▸ **TASK OBJECTIVE**: Set down the first line below and each line after it, ending with the one that holds "Producer Janine Jackowski". Pictures do not belong in the copy.

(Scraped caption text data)
_____

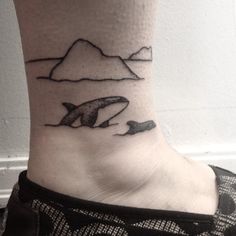 a small tattoo on the ankle of a woman's foot, depicting two dolphins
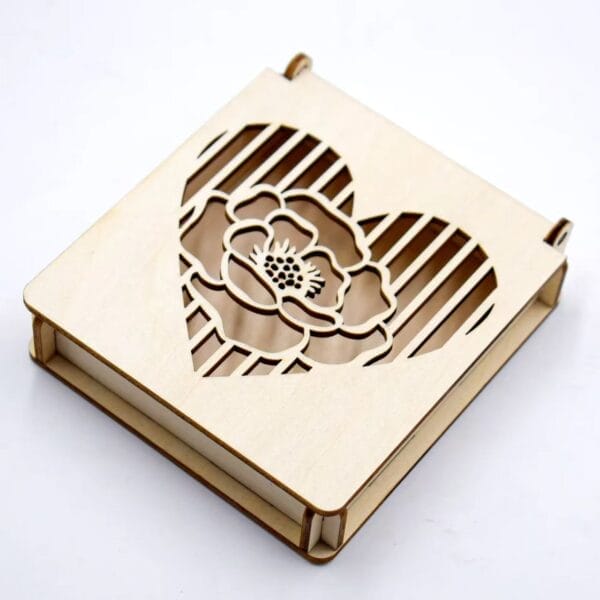 Custom Carved Wooden Box: Laser-cut wooden box with a heart-shaped design featuring an intricate flower. Wholesale available.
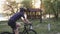 Fit sportive female cyclist on a bicycle in the city park before sunset. Cycling concept. Slow motion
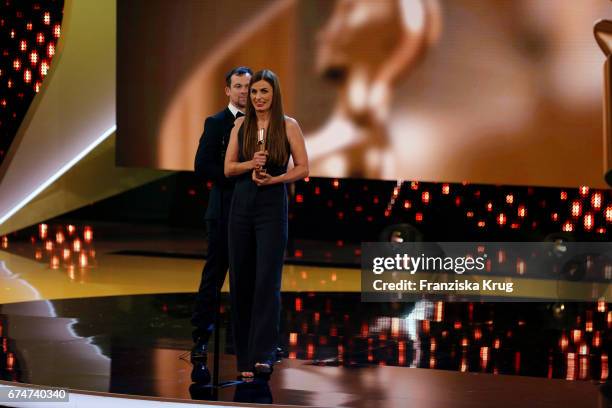 Producer Janine Jackowski speaks on stage after the film Toni Erdmann received the Golden Award for Best Film at the Lola - German Film Award show at...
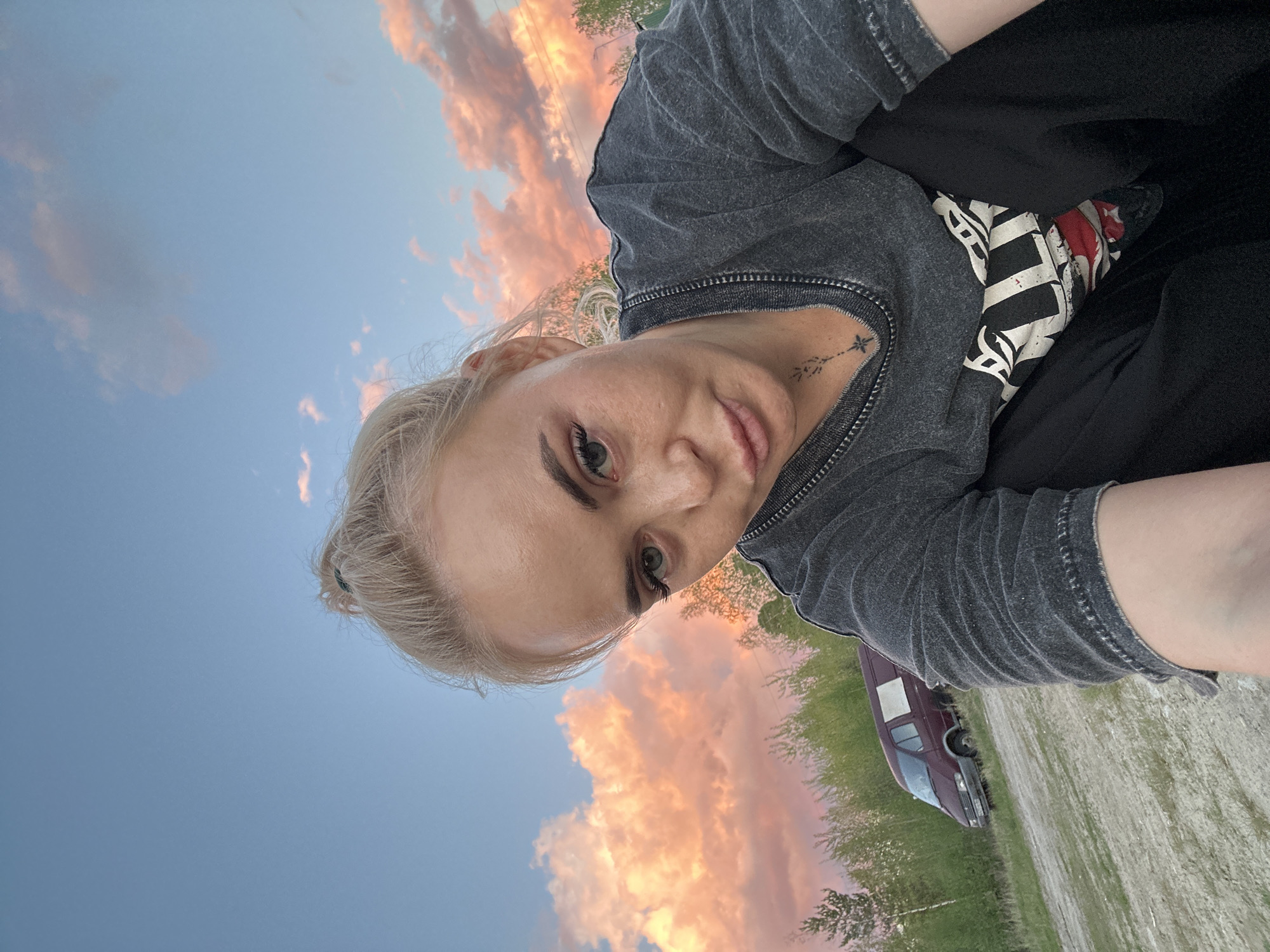 The image, correctly rotated, captures a young woman taking a selfie outdoors against a picturesque sunset sky. The woman, with light blonde hair pulled back into a bun, occupies the left and central foreground, looking directly towards the camera with a calm, neutral expression. She has fair skin, light-colored eyes, and well-defined eyebrows. Her lips are slightly parted.
She is wearing a dark gray, possibly distressed or acid-wash, short-sleeved t-shirt with a ribbed neckline and cuffs. A small, delicate black tattoo is visible on the right side of her neck, resembling a stylized arrow or stem topped with a star or floral design, accompanied by small, illegible characters below. A black, white, and red patterned piece of fabric or clothing is partially visible near her right hip, and she appears to be wearing black pants or shorts.
The background is dominated by a vast sky filled with beautifully colored clouds, displaying shades of pink, orange, and red, suggesting either sunrise or sunset, with the latter being more probable due to the warm, low light illuminating the clouds. The sky transitions to a softer blue overhead. In the mid-ground, green foliage and trees are visible, and to the lower right, a dark red or maroon van or large car is parked on a dirt or gravel path or road. The setting appears to be a natural, open outdoor area, consistent with the provided location context of Высокий, Russia. No discernible English text is visible apart from the intricate tattoo.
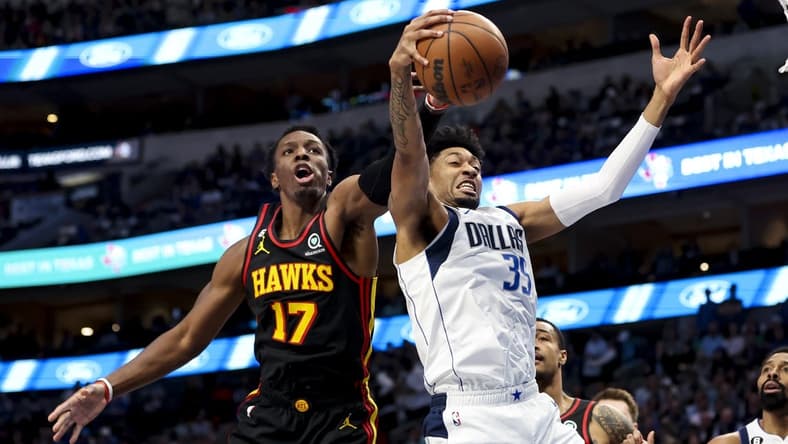 Jan 18, 2023; Dallas, Texas, USA; Dallas Mavericks forward Christian Wood (35) and Atlanta Hawks forward Onyeka Okongwu (17) go for the loose ball during the first quarter at American Airlines Center. Mandatory Credit: Kevin Jairaj-USA TODAY Sports
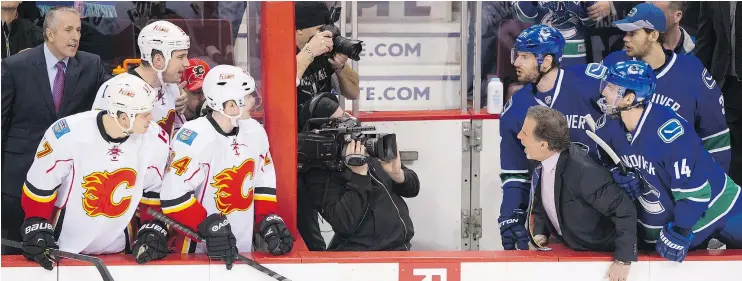  ?? GERRY KAHRMANN/PNG FILES ?? In 2014, Calgary head coach Bob Hartley and Vancouver head coach John Tortorella got into a heated exchange over starting lineups.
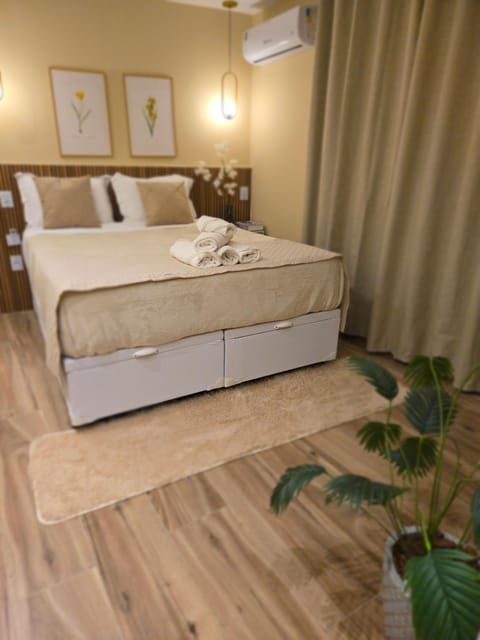 Photo of the whole room, air conditioner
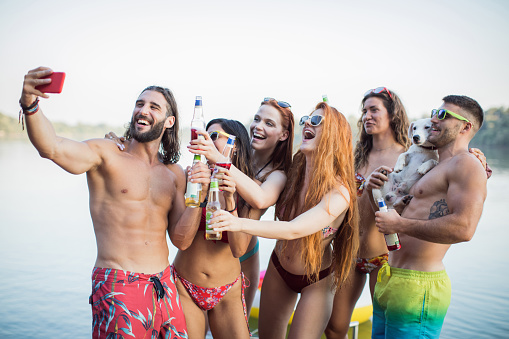 Group of friends dancing at party on deck. They are happy and joyful. Wearing swimsuits and making selfie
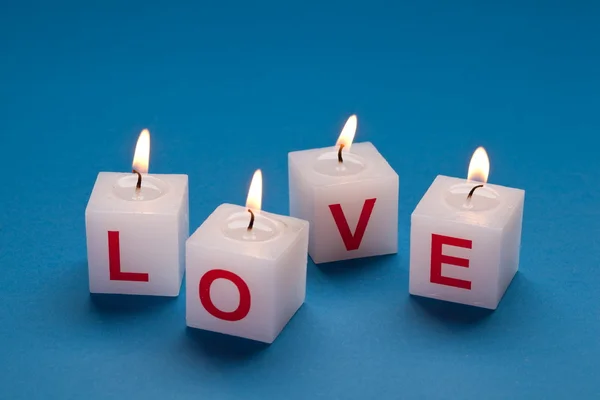 "love "printed on candles . — стоковое фото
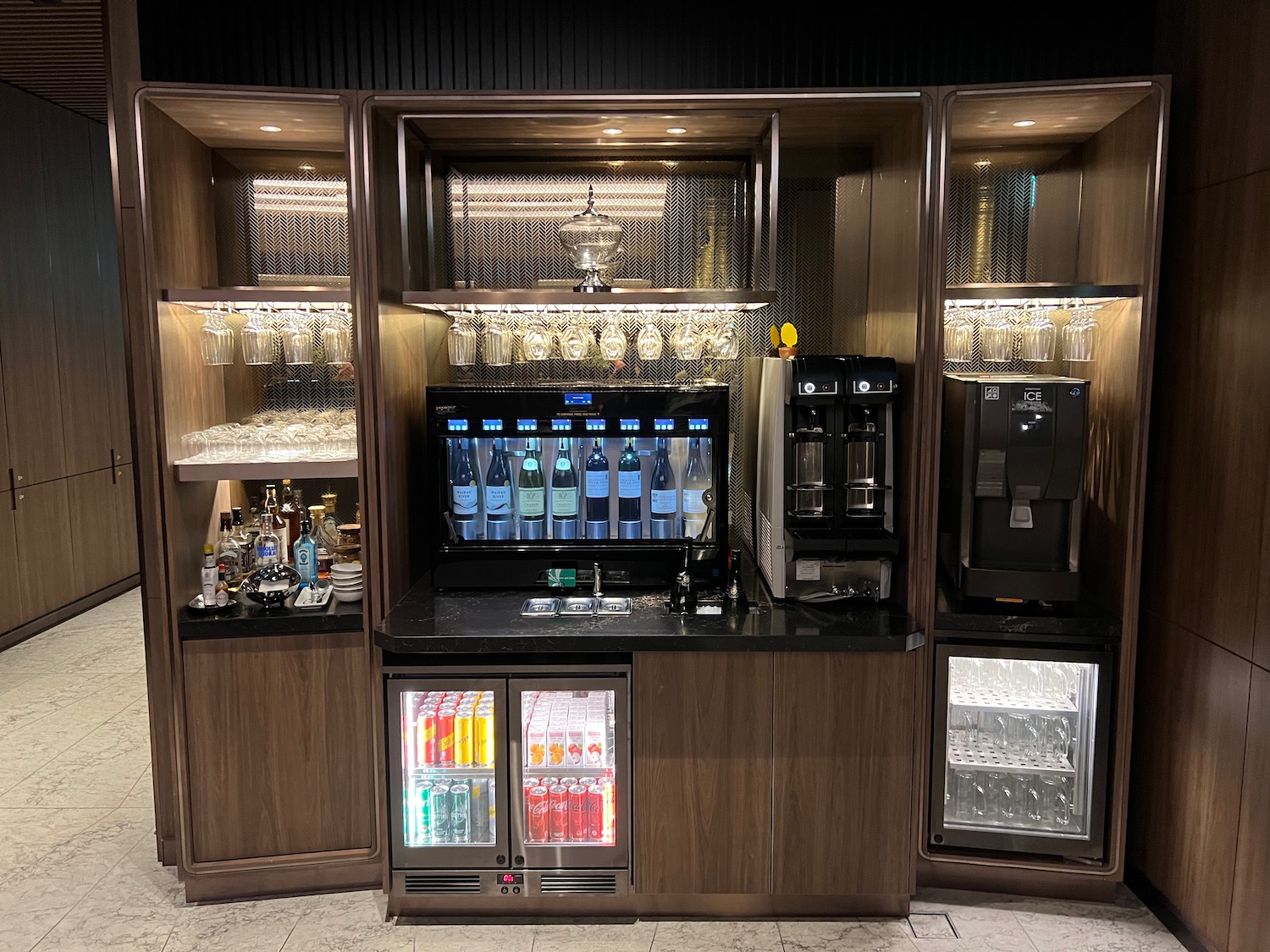 a beverage dispenser and drinks in a room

_____

▸ **RESULT OF THE TASK**:
 a small tattoo on the ankle of a woman's foot, depicting two dolphins
 Custom Carved Wooden Box: Laser-cut wooden box with a heart-shaped design featuring an intricate flower. Wholesale available.
 Fit sportive female cyclist on a bicycle in the city park before sunset. Cycling concept. Slow motion
 Producer Janine Jackowski speaks on stage after the film Toni Erdmann received the Golden Award for Best Film at the Lola - German Film Award show at...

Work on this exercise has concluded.